A new clinical trial sponsored by the National Institute of Allergy and Infectious Diseases (NIAID), part of the National Institutes of Health, will evaluate whether low blood levels of the protein procalcitonin (PCT) can reliably indicate whether a lower respiratory tract infection (LRTI) will improve with antibiotic treatment.
Lower respiratory tract infections have a variety of symptoms, including persistent coughing, wheezing, chest pain, fever, and rapid or difficult breathing. Health-care providers often prescribe a course of antibiotics as standard treatment without knowing for certain whether an infection is bacterial or viral. This practice can introduce potential side effects and promote antimicrobial resistance.
Procalcitonin is normally produced in minute quantities in a healthy body. It serves as a precursor to calcitonin, a hormone that helps regulate calcium levels.
Elevated PCT levels are an indicator of bacterial sepsis, a life-threatening complication of infection that triggers inflammation throughout the body. The NIAID researchers leading the new clinical trial theorize that low PCT levels in patients with LRTIs may indicate that the infection is viral, not bacterial.
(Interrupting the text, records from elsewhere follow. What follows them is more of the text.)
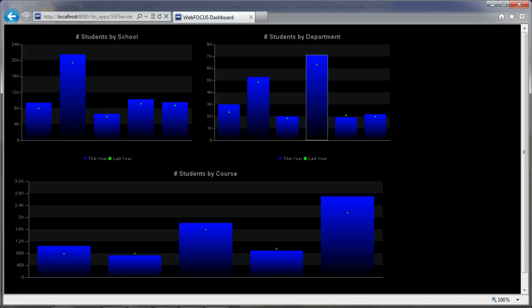In this, the second part of a two-part tutorial, I will show you how to use the HTML Composer and create a dashboard using the three charts we created in part one. I will then show you how to make those charts drillable and link them together in our dashboard.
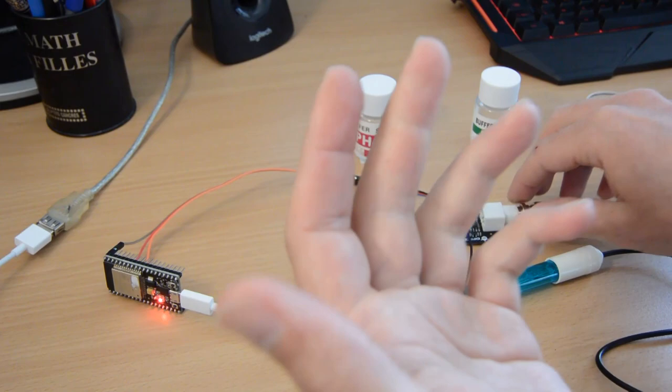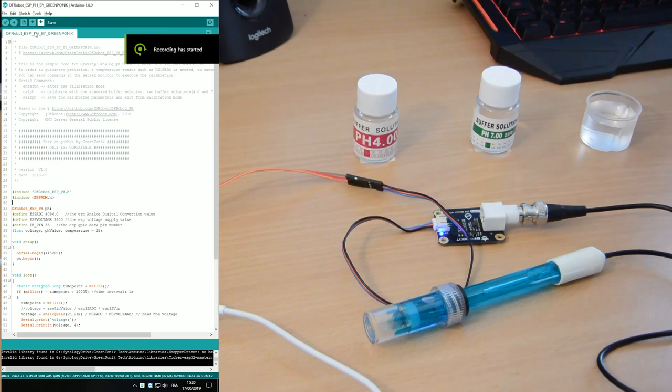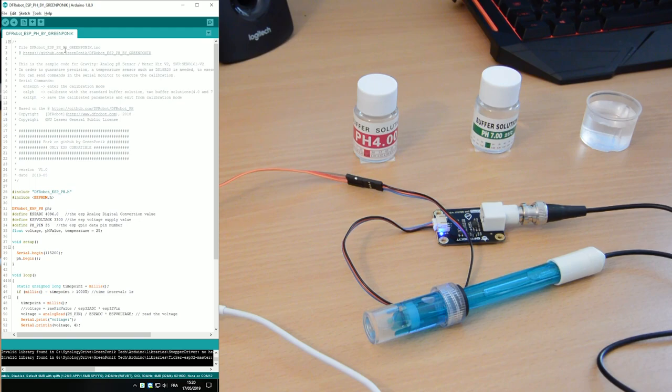And now you can plug your ESP to your PC. Okay, got a light here, got a light here. Seems all good, right? So on the PC, you will have to upload your sketch. So to upload your sketch, you go back to the Arduino IDE.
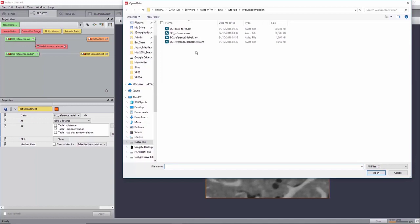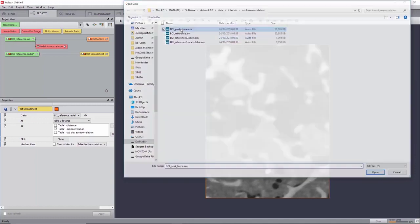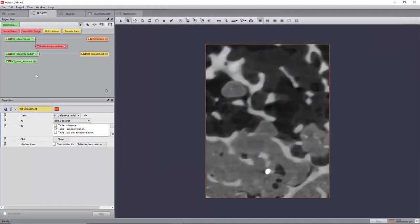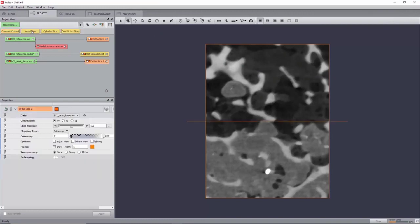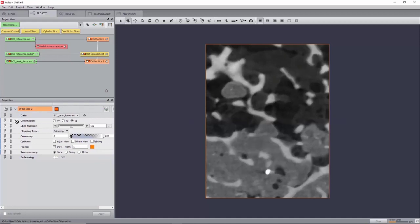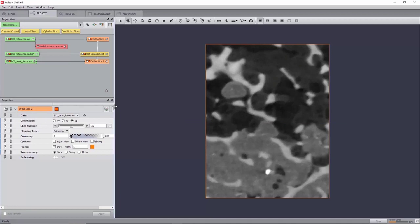Now, load the second image of the time series, bci-peak-force.am, to which we will refer as deformed. Create an autoslice on this and link its properties, namely orientation, slice number and color map, to the autoslice of the reference image.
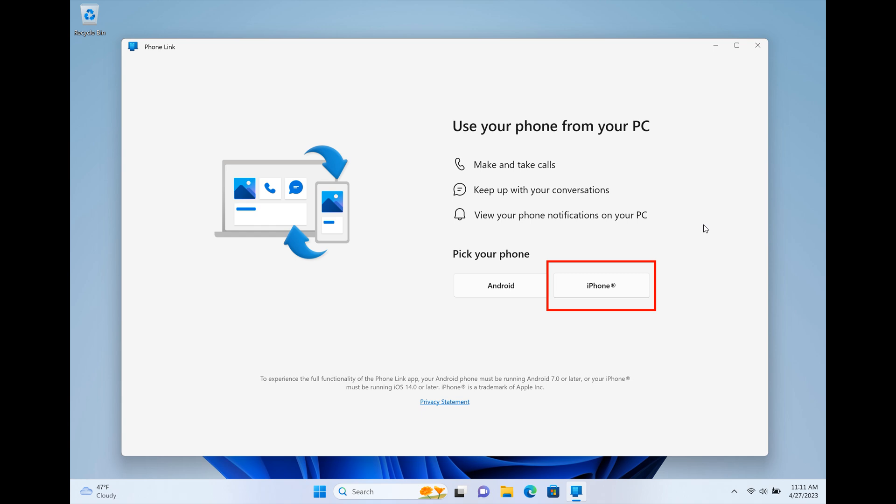If you receive the preview of PhoneLink for iOS, Microsoft says you'll see the option to pick your iPhone on the PhoneLink homepage, above your Android phone. If you see the iPhone button grayed out with a coming soon message, that means you're not yet in the preview.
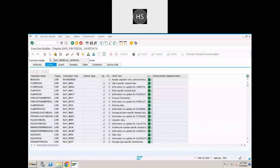BAPI_MATERIAL_SAVE_DATA is used to create new material. This is an alternative for BDC programs. Our BDC program can be replaced with this BAPI. As long as there is a BAPI available, always go with the BAPI function module — don't go for BDC.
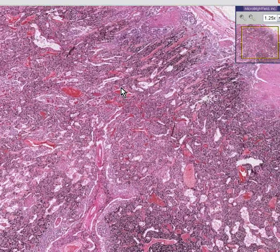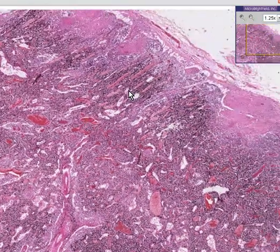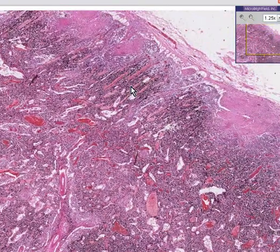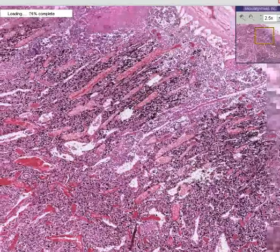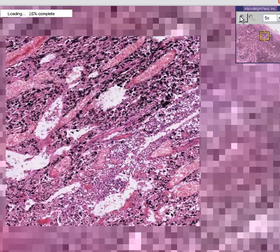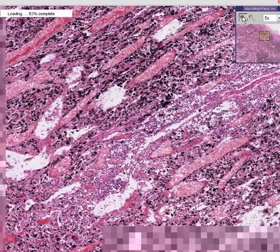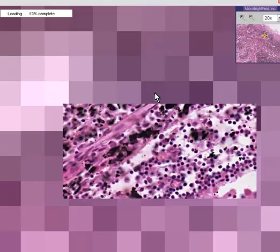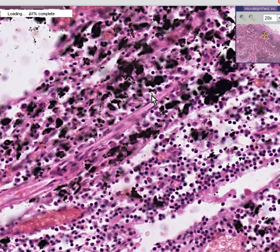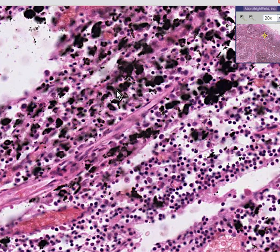There are two things abnormal about this lymph node. One is the presence of dark staining within the macrophages or histiocytes. This is not a golden brown pigment like you see with hemosiderin or bile — this is intensely black. This is soot, this is anthracotic pigment, this is anthracosis of the lymph node.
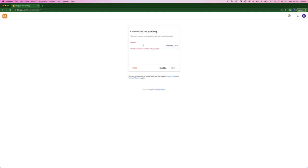For the URL, whatever I can put here, .blogspot.com. So we're going to do the same thing as before, just without the spaces. businessautomationswithben.blogspot.com. Hit next.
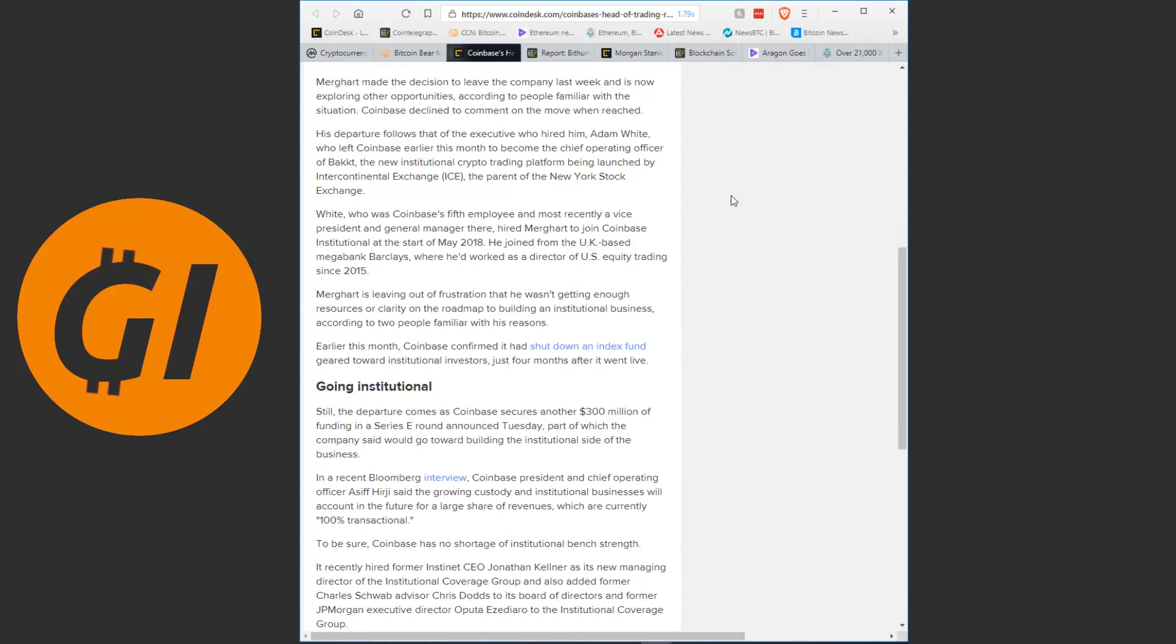His departure follows that of the executive who hired him, Adam Wright, who left Coinbase earlier this month to become the chief operating officer of BAKKT, the new institutional crypto trading platform being launched by Intercontinental Exchange, the parent of the New York Stock Exchange. Wright, who was Coinbase's fifth employee and most recently a vice president and general manager there, hired Merkart to join Coinbase Institution at the start of May of 2018. He joined from the UK-based mega bank, Barclays, where he worked as a director of US equity trading since 2015.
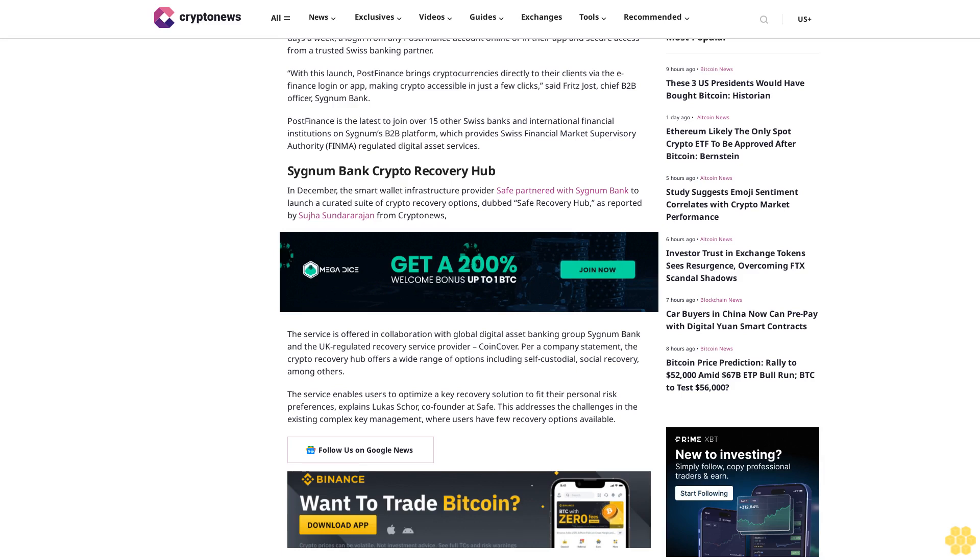In December, the smart wallet infrastructure provider Safe partnered with Sygnum Bank to launch a curated suite of crypto recovery options dubbed Safe Recovery Hub. The service is offered in collaboration with global digital asset banking group Sygnum Bank and UK-regulated recovery service provider Coincover.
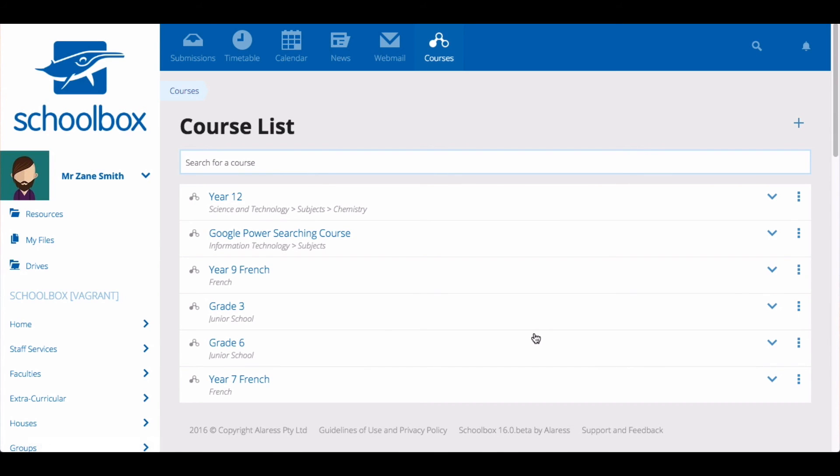To learn more about adding content to your unit pages and different ways to set up courses, watch the video designing your unit pages. To learn more about linking a course to a class page, watch the video linking courses to class pages.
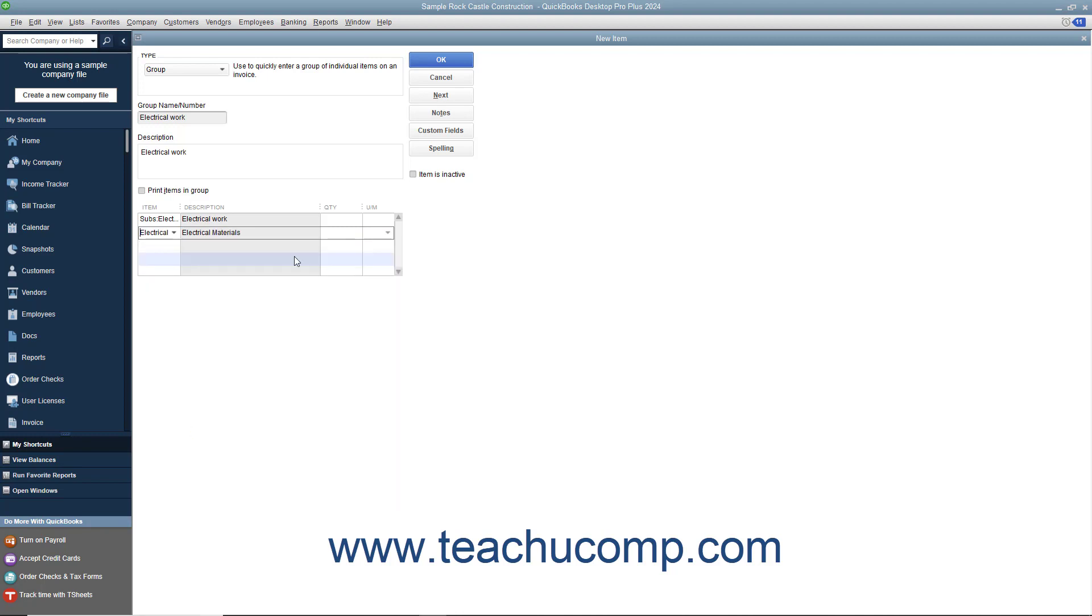If you wish to print the items within the group in sales forms when this item is used, you must check the Print Items in Group checkbox to enable the display of the group's items. Note that the items listed within a group item are always shown in the data entry view of sales forms so you can change the quantities if needed.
“Health-care providers and patients benefit from precise diagnostic tests to guide treatment decisions,” said Anthony S. Fauci, MD, director of NIAID. “An effective biomarker for confirming that a lower respiratory tract infection is viral and thus not treatable with antibiotics would be a significant development in our collective efforts to reduce inappropriate use of antibiotics and combat antimicrobial resistance.”
The study is being led by principal investigator Ephraim Tsalik, MD, PhD, associate professor of medicine at Duke University School of Medicine and a physician at the Durham VA Health Care System in Durham, NC. It will enroll patients 18 years of age or older with suspected LRTIs and low PCT blood levels (0.25 ng/mL or less).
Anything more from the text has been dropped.